EXERCISE DIRECTIONS
Retype the records in full, and please keep the pictures out of the copy.

*** Opening INPUT DATA ***

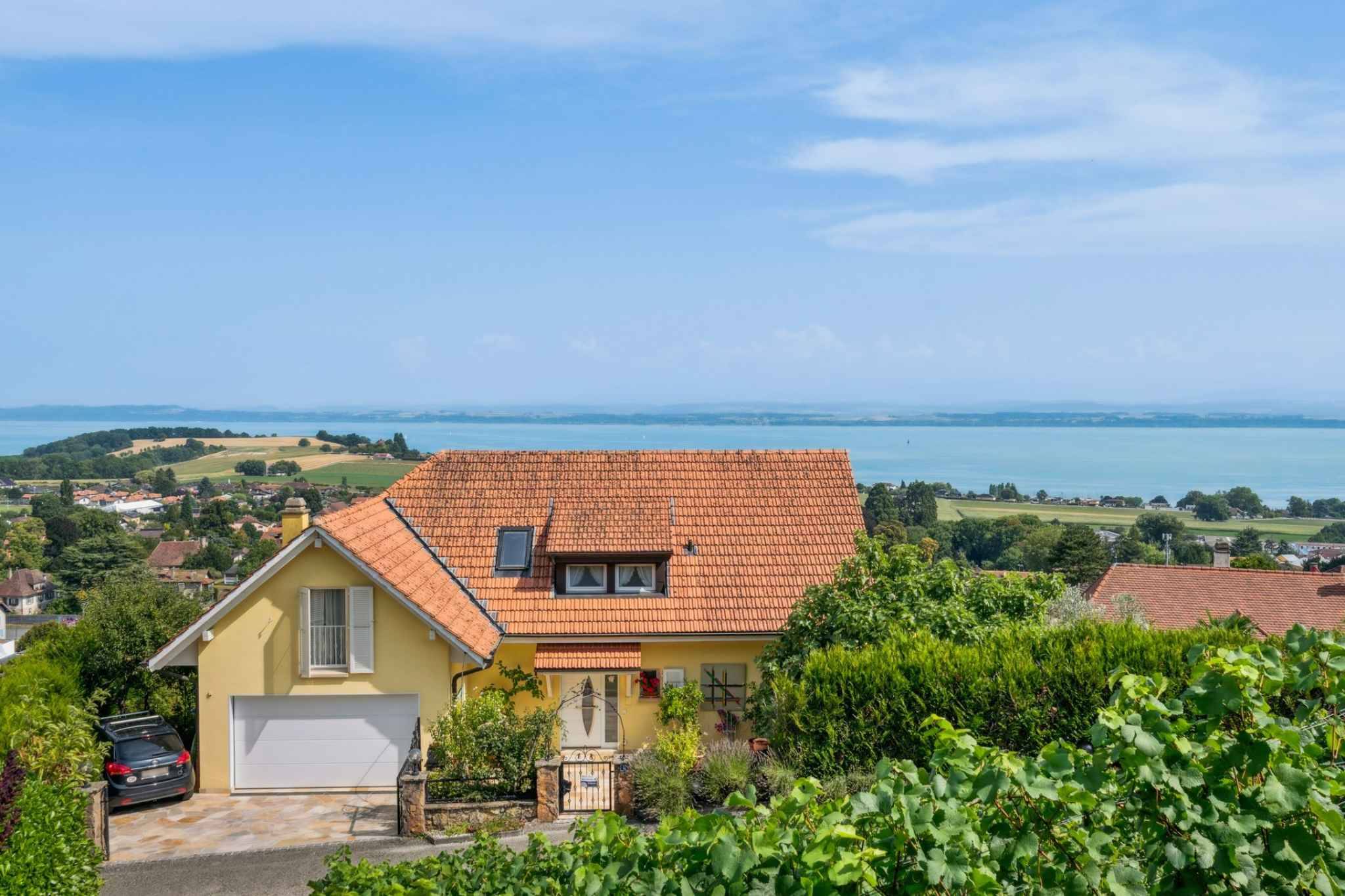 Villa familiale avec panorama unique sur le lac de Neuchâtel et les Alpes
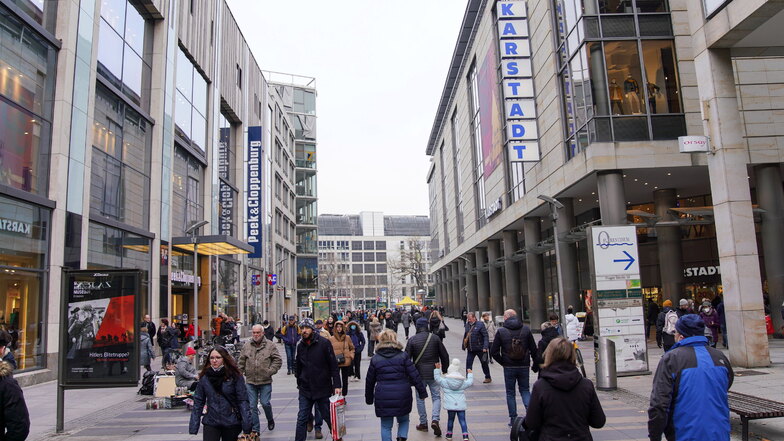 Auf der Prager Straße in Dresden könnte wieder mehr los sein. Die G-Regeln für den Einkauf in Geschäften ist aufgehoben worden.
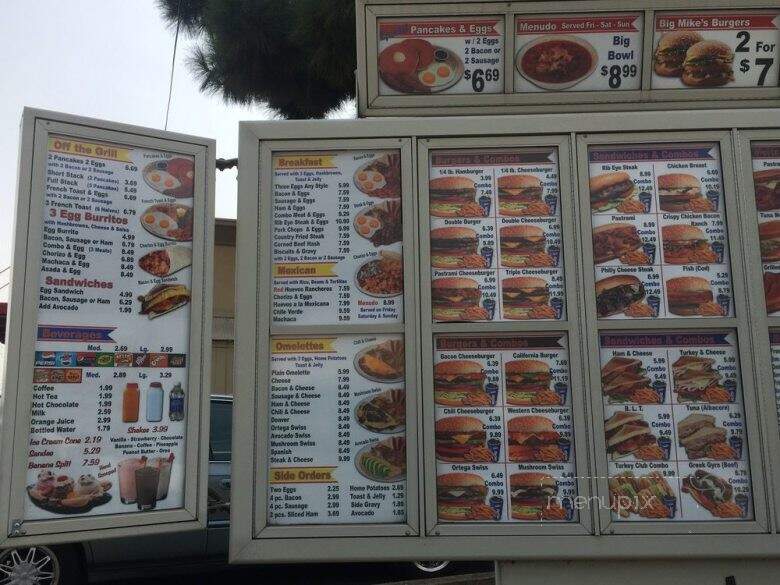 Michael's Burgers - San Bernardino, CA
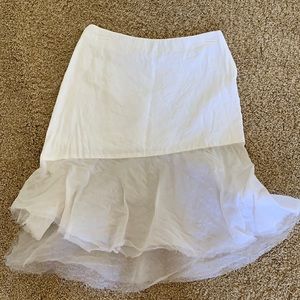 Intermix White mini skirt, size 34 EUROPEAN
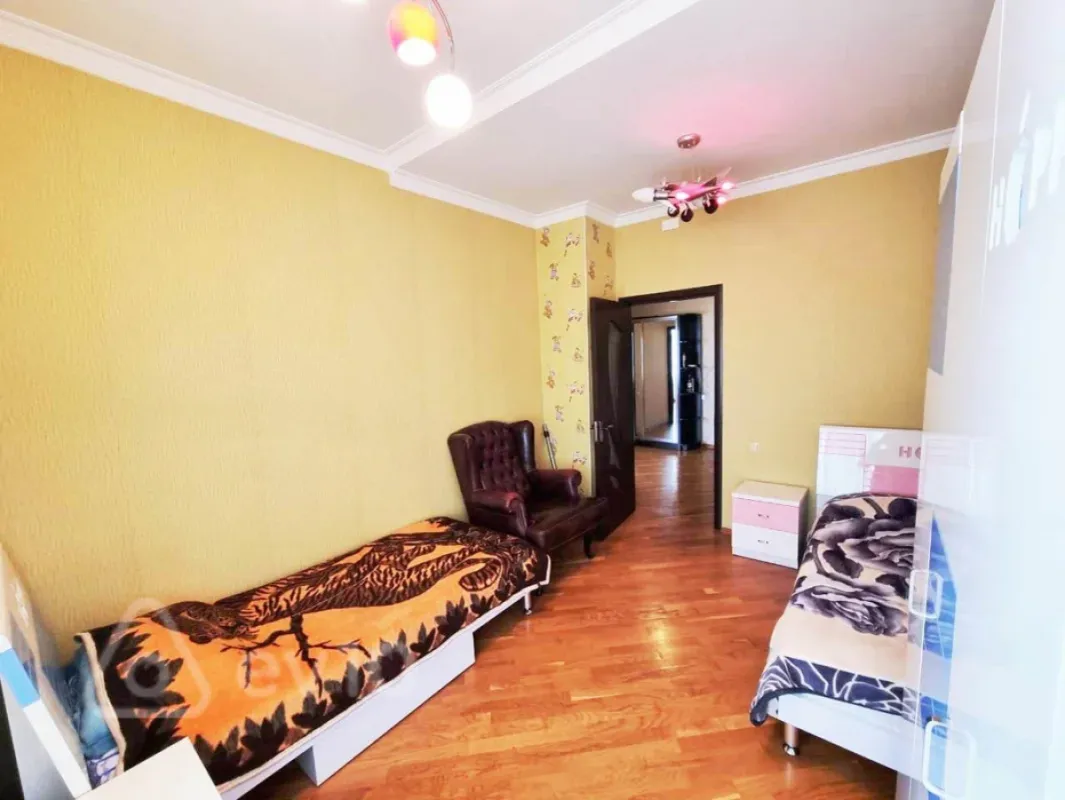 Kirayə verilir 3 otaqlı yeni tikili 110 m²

*** Closing INPUT DATA ***

ANSWER FOR THE TASK
 Villa familiale avec panorama unique sur le lac de Neuchâtel et les Alpes
 Auf der Prager Straße in Dresden könnte wieder mehr los sein. Die G-Regeln für den Einkauf in Geschäften ist aufgehoben worden.
 Michael's Burgers - San Bernardino, CA
 Intermix White mini skirt, size 34 EUROPEAN
 Kirayə verilir 3 otaqlı yeni tikili 110 m²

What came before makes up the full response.